On envoya au malheureux Manceau le jardinier tant réclamé.

Il demandait ses habits à cor et à cris. Il était resté dans la rivière depuis sept heures du matin jusqu’à midi, et, quoique nous fussions à la fin de juillet, ce bain, infiniment trop prolongé, l’avait quelque peu refroidi.

On lui bassina son lit, et on le coucha.

À partir de ce moment, Manceau fut l’objet de la pitié générale, et nous, nous fûmes celui de l’exécration universelle.

Car Manceau, Dieu lui fasse miséricorde ! Manceau eut la lâcheté de nous dénoncer.

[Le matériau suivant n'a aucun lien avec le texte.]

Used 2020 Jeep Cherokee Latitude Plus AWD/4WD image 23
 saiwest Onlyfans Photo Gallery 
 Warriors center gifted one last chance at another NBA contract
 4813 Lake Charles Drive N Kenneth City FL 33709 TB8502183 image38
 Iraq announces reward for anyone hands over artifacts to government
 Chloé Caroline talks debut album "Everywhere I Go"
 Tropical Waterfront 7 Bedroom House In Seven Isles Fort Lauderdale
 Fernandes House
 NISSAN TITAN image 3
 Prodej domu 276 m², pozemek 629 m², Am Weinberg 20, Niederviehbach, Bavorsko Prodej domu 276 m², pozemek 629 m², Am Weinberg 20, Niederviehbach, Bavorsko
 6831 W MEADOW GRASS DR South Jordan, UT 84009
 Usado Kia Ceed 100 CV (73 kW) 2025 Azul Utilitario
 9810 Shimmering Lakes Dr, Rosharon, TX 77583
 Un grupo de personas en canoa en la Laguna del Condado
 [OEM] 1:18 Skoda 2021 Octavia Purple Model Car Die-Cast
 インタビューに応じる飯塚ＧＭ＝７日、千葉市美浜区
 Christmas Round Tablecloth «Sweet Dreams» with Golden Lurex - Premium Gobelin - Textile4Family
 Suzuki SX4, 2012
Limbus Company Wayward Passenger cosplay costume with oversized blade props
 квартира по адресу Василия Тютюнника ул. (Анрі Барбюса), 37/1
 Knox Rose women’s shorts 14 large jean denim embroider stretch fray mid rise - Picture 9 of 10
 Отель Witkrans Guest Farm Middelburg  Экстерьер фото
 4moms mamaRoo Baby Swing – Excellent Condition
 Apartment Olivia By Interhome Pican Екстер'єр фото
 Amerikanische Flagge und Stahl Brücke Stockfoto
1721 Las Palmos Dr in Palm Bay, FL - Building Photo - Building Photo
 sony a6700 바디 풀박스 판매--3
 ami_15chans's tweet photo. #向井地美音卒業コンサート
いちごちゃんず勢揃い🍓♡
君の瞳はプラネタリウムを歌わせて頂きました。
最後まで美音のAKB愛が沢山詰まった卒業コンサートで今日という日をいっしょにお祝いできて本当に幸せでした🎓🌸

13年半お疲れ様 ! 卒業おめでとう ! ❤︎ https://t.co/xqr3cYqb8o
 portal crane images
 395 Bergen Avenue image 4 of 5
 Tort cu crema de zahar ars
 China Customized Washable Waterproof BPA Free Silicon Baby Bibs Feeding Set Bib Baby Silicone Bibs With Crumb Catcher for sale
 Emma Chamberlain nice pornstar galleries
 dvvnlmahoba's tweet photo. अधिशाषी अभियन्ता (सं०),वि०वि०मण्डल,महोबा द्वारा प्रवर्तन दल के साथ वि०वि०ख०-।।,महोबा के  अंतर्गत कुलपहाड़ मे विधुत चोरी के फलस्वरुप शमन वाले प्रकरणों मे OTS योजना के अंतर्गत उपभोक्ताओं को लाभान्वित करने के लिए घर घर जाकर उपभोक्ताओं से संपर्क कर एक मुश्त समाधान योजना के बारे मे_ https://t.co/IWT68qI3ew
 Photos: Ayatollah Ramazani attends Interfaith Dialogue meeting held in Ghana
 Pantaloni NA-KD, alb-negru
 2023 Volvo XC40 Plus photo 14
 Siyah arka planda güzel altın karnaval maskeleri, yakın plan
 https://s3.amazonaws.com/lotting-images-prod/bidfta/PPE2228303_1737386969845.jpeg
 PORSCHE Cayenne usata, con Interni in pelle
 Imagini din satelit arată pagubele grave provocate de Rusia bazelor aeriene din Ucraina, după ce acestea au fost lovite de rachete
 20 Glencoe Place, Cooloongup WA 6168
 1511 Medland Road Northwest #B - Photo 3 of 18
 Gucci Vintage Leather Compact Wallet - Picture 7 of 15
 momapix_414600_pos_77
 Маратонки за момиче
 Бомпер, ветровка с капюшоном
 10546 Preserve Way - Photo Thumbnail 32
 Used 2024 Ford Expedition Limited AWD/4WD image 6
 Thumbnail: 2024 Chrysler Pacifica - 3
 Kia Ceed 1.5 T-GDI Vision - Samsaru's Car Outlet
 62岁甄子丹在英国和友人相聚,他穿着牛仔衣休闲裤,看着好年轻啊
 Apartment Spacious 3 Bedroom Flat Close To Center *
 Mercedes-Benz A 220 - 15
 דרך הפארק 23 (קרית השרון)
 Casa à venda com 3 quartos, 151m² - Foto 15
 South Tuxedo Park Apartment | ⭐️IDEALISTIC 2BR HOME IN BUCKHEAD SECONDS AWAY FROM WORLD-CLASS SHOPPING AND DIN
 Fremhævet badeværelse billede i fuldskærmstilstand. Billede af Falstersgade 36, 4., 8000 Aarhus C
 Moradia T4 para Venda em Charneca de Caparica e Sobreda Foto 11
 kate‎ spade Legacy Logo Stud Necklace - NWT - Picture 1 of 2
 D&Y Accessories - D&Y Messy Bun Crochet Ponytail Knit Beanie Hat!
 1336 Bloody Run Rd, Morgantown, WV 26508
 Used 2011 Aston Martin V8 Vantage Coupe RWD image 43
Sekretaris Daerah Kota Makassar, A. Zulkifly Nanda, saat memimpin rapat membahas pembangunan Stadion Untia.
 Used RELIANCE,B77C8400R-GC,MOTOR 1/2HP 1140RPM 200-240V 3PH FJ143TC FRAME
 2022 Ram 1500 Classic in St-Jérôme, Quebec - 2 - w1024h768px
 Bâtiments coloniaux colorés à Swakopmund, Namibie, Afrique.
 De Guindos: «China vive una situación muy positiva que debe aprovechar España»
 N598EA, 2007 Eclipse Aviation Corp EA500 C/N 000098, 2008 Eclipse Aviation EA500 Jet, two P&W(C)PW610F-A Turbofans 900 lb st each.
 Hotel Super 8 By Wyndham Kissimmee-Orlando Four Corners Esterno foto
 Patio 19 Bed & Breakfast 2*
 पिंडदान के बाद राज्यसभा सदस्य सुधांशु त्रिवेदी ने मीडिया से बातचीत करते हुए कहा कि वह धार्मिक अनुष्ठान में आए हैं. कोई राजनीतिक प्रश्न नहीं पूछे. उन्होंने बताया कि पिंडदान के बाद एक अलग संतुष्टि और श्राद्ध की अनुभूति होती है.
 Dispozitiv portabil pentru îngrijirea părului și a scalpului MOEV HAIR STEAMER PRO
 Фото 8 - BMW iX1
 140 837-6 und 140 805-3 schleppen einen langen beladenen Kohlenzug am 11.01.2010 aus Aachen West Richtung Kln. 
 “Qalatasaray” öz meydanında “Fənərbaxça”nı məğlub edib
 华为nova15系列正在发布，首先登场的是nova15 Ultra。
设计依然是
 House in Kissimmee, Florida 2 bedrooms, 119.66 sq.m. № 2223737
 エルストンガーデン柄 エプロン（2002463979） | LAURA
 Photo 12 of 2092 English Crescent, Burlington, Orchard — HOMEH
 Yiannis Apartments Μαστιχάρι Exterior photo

De Leuven eut beau invoquer ses mains, rouges comme des écrevisses, et offrir de montrer le reste de sa personne, bien autrement rouge que ses mains ; Hippolyte eut beau réunir les grenouilles éparses dans sa chambre, et les apporter au milieu du salon ; j’eus beau aller chercher à la basse-cour le coq avec lequel j’avais dialogué toute la nuit, rien ne toucha nos juges ; nous fûmes déclarés bannis de la société, pour tentative d’homicide avec préméditation sur le docteur Manceau.

Aussi nous promîmes-nous, à la première occasion, de le noyer tout à fait.

Exilé de la société des dames, je me réfugiai dans la salle de billard, où je reçus, de Maurice, ma première leçon.

On verra que cette leçon me profita, et que, quatre ans après, dans une circonstance solennelle de ma vie, je tirai partie de l’art du doublé et du carambolage, dans lesquels j’avais fait quelques progrès.

La condamnation tint pendant toute la soirée, devenue pluvieuse, et que les jeunes filles passèrent dans la chambre de Louise.